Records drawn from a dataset
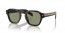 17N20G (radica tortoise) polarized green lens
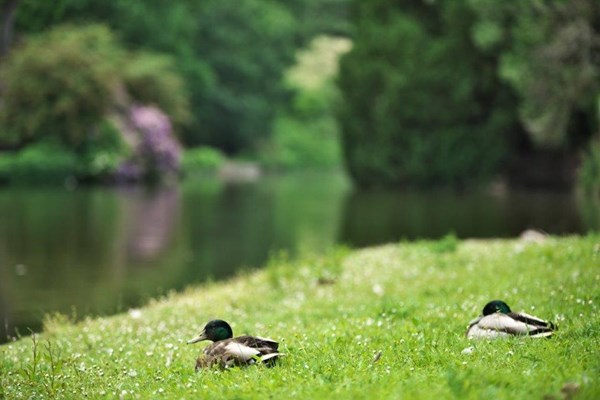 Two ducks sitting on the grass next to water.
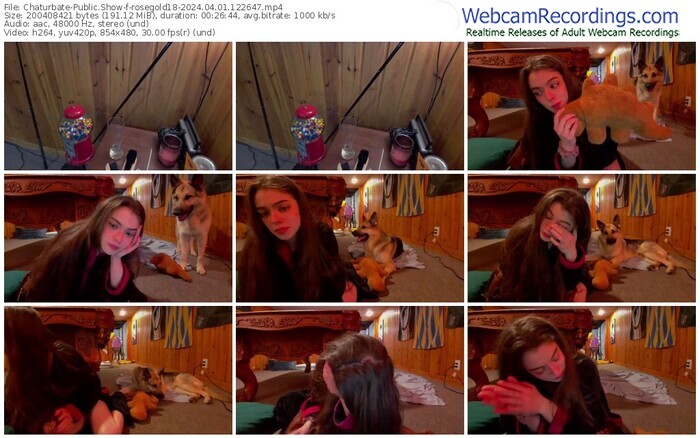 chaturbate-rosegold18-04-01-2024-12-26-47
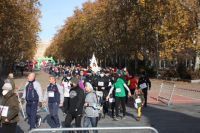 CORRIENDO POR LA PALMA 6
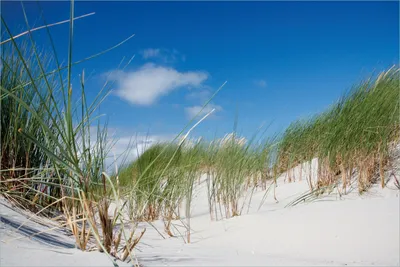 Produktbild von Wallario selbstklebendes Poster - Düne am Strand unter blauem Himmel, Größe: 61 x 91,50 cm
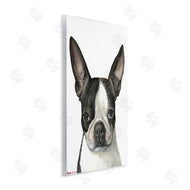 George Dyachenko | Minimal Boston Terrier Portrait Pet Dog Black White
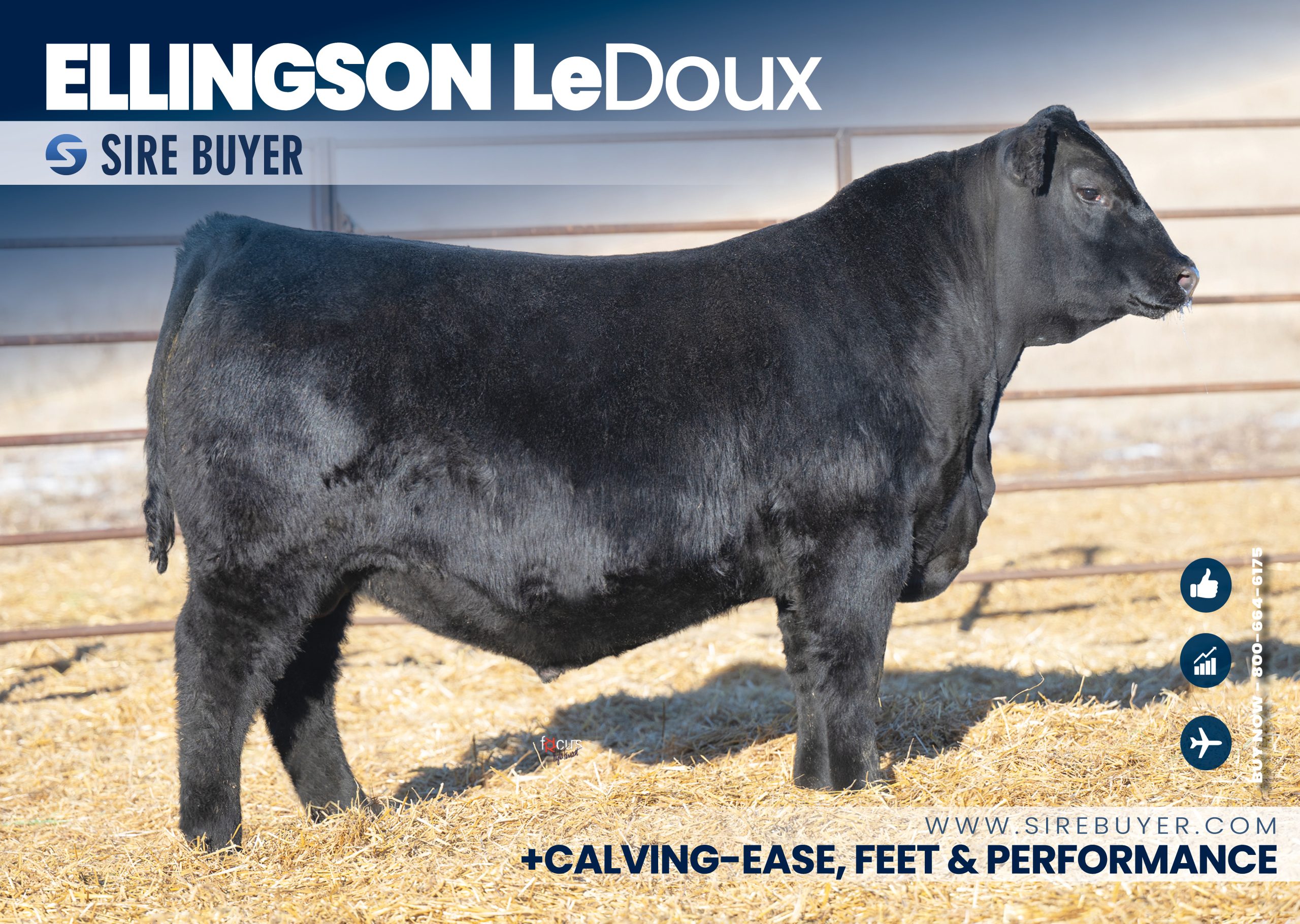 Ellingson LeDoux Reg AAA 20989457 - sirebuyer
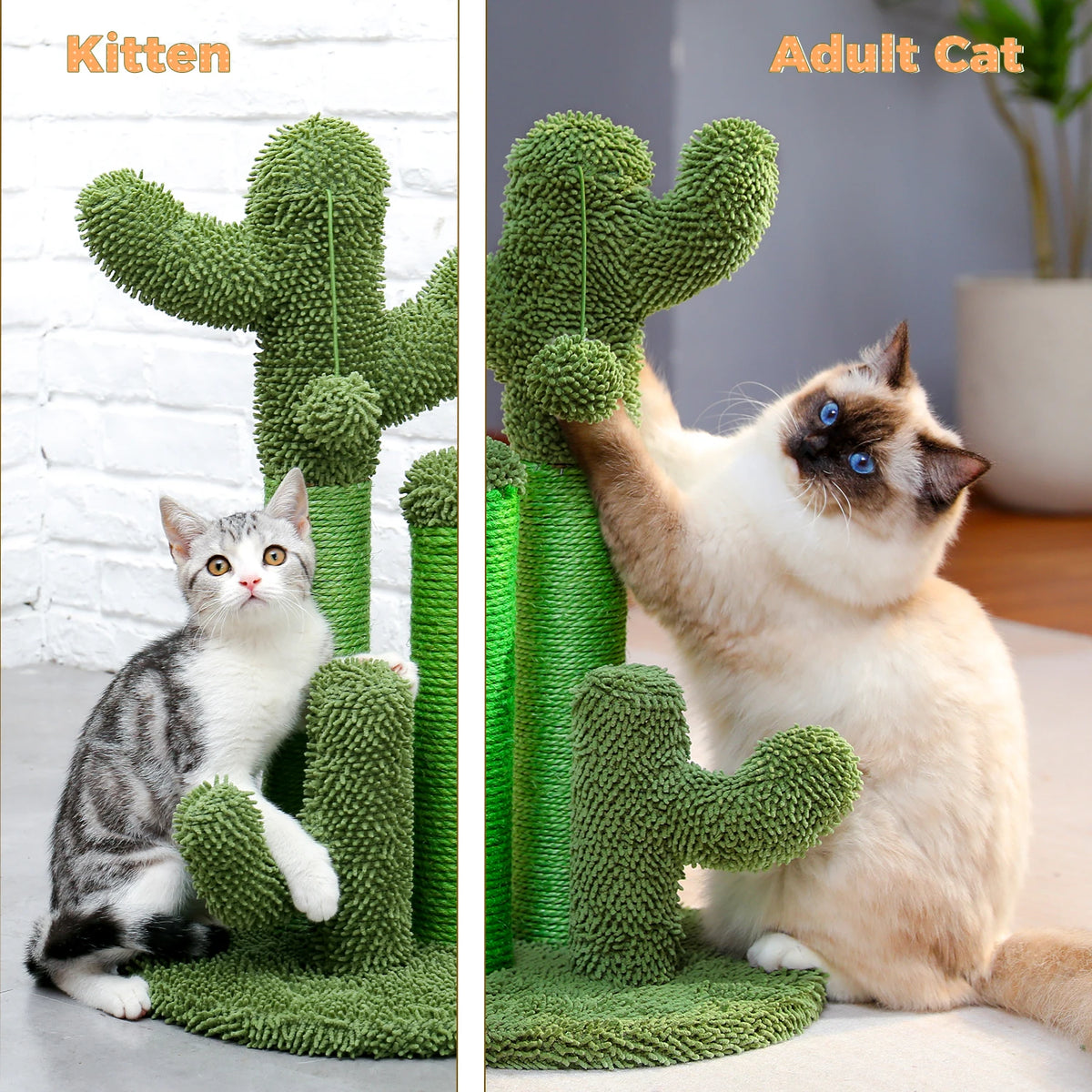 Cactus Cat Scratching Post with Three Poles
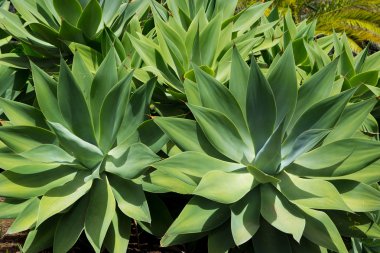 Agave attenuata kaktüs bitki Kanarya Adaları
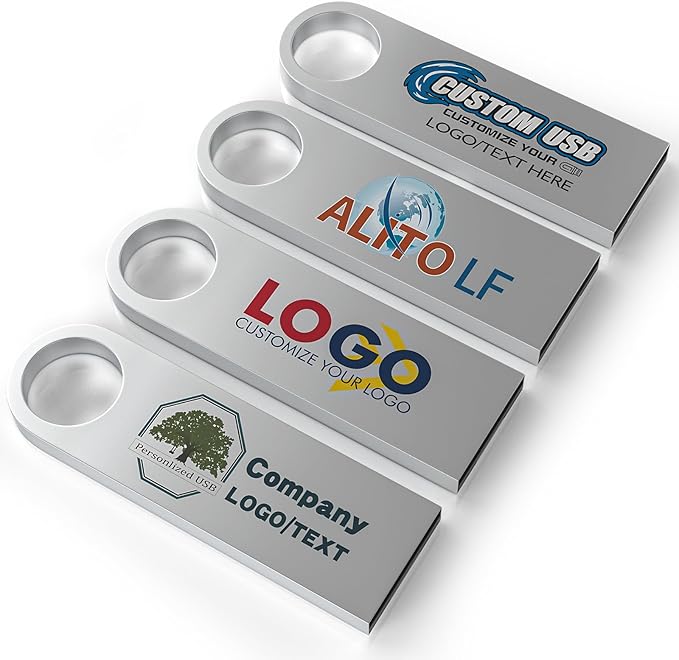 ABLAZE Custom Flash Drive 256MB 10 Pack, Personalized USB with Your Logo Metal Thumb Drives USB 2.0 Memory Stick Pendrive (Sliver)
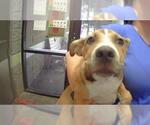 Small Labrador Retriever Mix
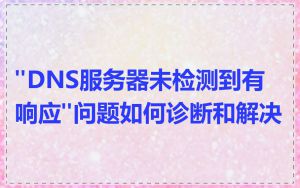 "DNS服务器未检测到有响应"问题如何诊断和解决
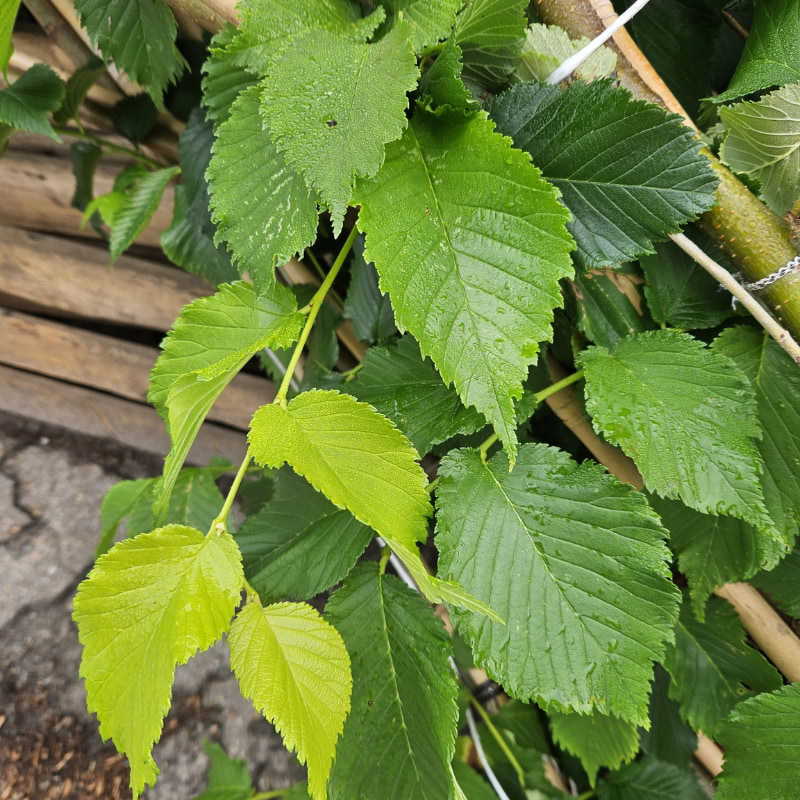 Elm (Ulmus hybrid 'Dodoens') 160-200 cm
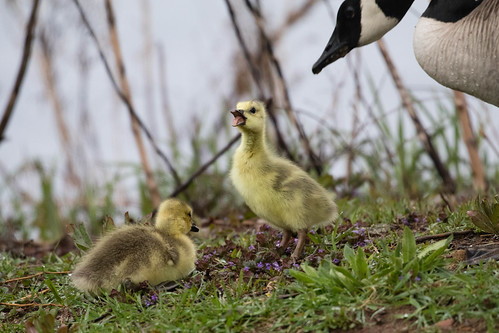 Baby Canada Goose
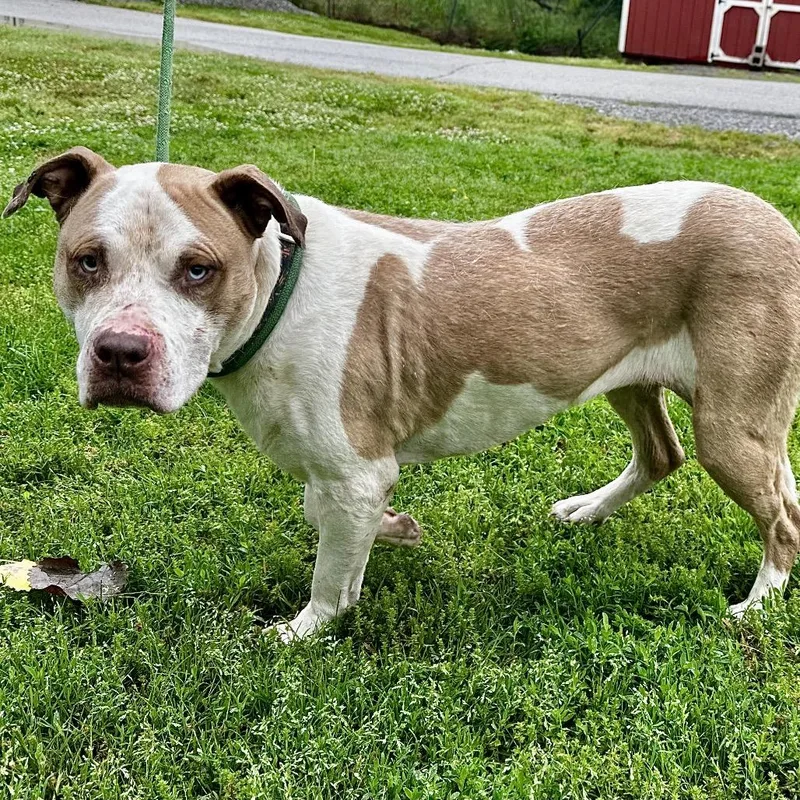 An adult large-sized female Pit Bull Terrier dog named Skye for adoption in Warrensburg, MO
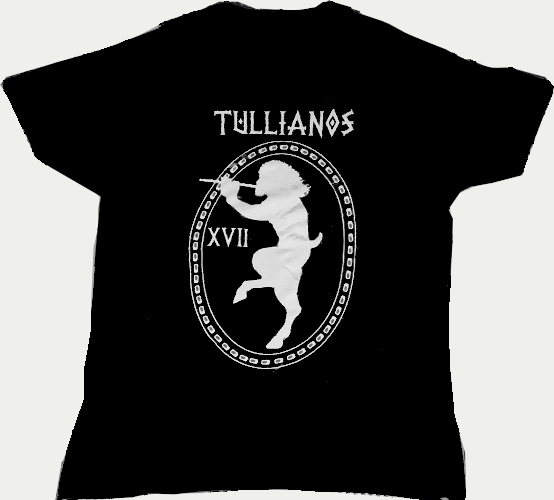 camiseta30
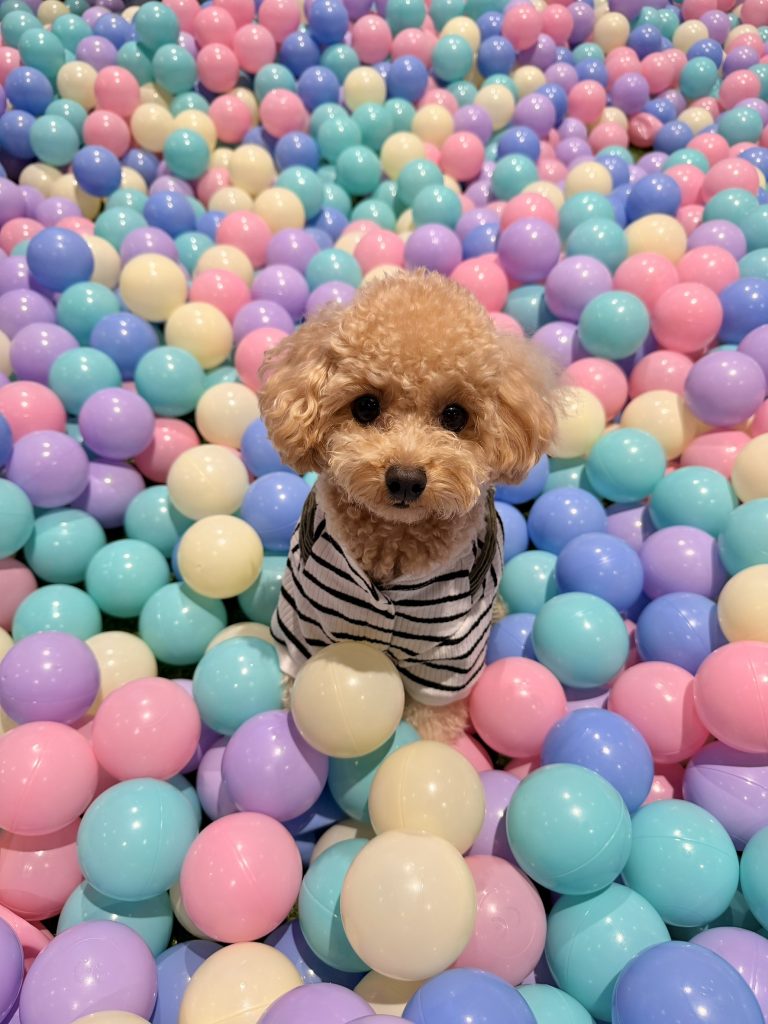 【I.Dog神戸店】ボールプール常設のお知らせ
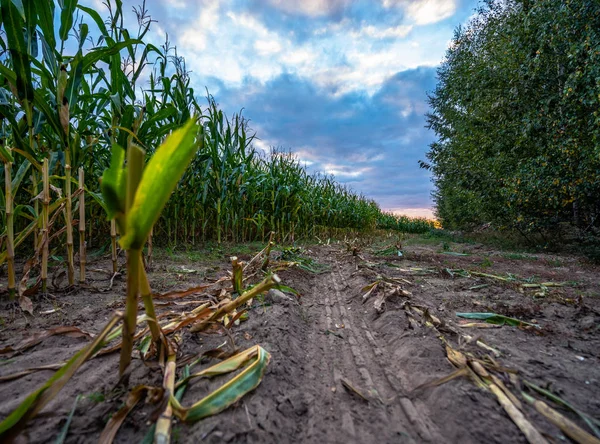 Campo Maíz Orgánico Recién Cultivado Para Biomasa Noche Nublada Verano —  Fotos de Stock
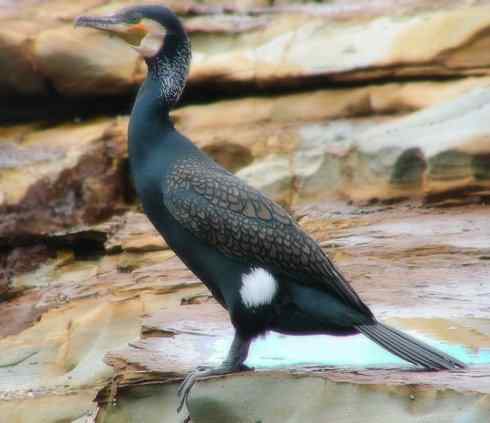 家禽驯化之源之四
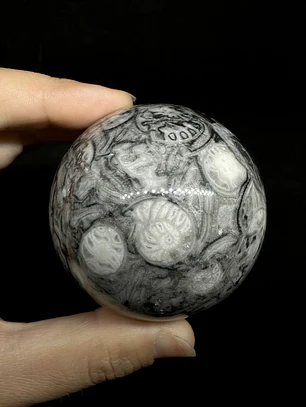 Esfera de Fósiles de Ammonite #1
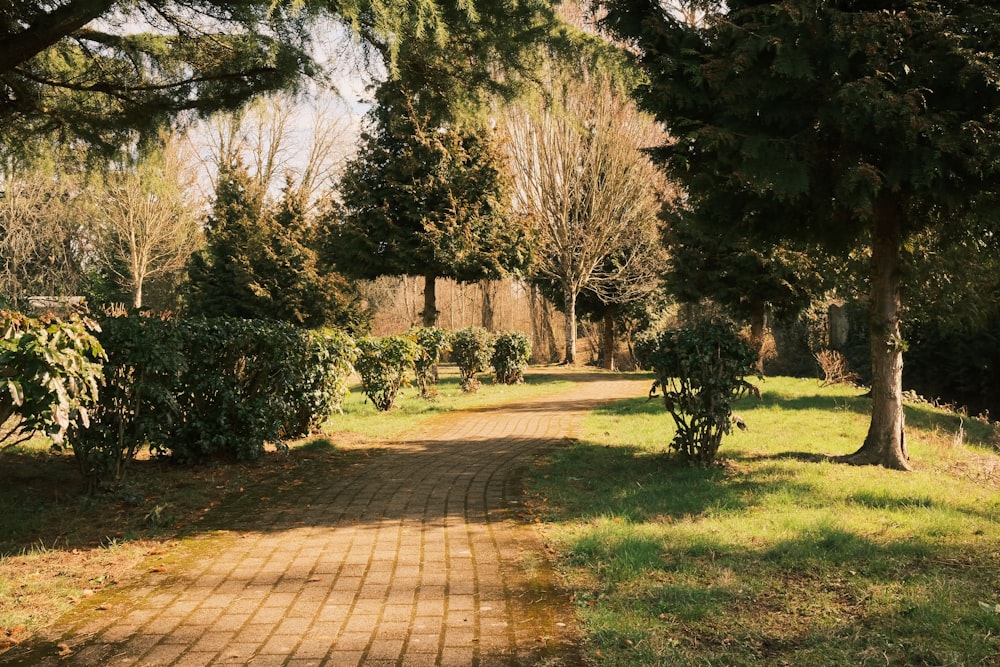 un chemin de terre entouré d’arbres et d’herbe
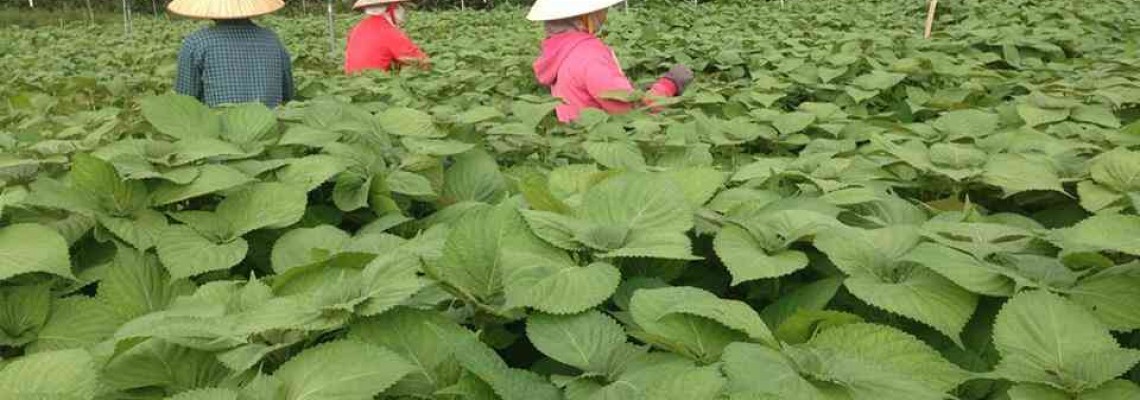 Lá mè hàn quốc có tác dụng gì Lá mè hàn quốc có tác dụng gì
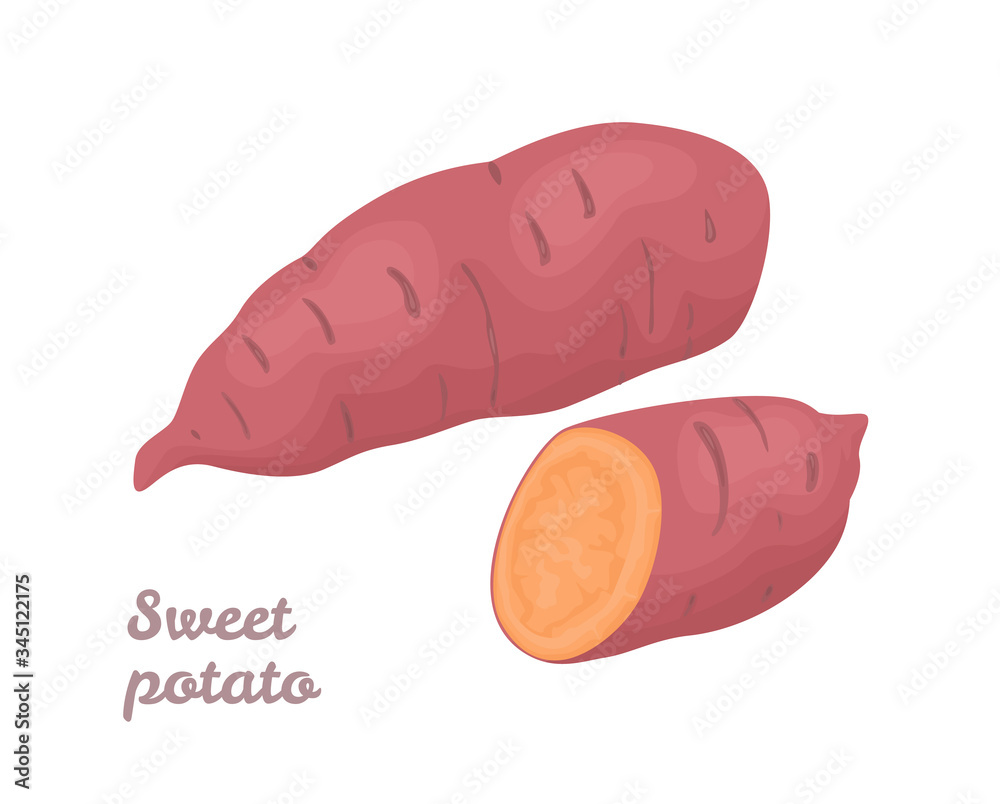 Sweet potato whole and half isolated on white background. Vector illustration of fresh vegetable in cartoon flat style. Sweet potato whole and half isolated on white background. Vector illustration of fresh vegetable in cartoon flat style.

_Exercise directions_.
Each record above, in full: return it exactly, pictures excluded.

_Task solution_.
 17N20G (radica tortoise) polarized green lens
 Two ducks sitting on the grass next to water.
 chaturbate-rosegold18-04-01-2024-12-26-47
 CORRIENDO POR LA PALMA 6
 Produktbild von Wallario selbstklebendes Poster - Düne am Strand unter blauem Himmel, Größe: 61 x 91,50 cm
 George Dyachenko | Minimal Boston Terrier Portrait Pet Dog Black White
 Ellingson LeDoux Reg AAA 20989457 - sirebuyer
 Cactus Cat Scratching Post with Three Poles
 Agave attenuata kaktüs bitki Kanarya Adaları
 ABLAZE Custom Flash Drive 256MB 10 Pack, Personalized USB with Your Logo Metal Thumb Drives USB 2.0 Memory Stick Pendrive (Sliver)
 Small Labrador Retriever Mix
 "DNS服务器未检测到有响应"问题如何诊断和解决
 Elm (Ulmus hybrid 'Dodoens') 160-200 cm
 Baby Canada Goose
 An adult large-sized female Pit Bull Terrier dog named Skye for adoption in Warrensburg, MO
 camiseta30
 【I.Dog神戸店】ボールプール常設のお知らせ
 Campo Maíz Orgánico Recién Cultivado Para Biomasa Noche Nublada Verano —  Fotos de Stock
 家禽驯化之源之四
 Esfera de Fósiles de Ammonite #1
 un chemin de terre entouré d’arbres et d’herbe
 Lá mè hàn quốc có tác dụng gì Lá mè hàn quốc có tác dụng gì
 Sweet potato whole and half isolated on white background. Vector illustration of fresh vegetable in cartoon flat style. Sweet potato whole and half isolated on white background. Vector illustration of fresh vegetable in cartoon flat style.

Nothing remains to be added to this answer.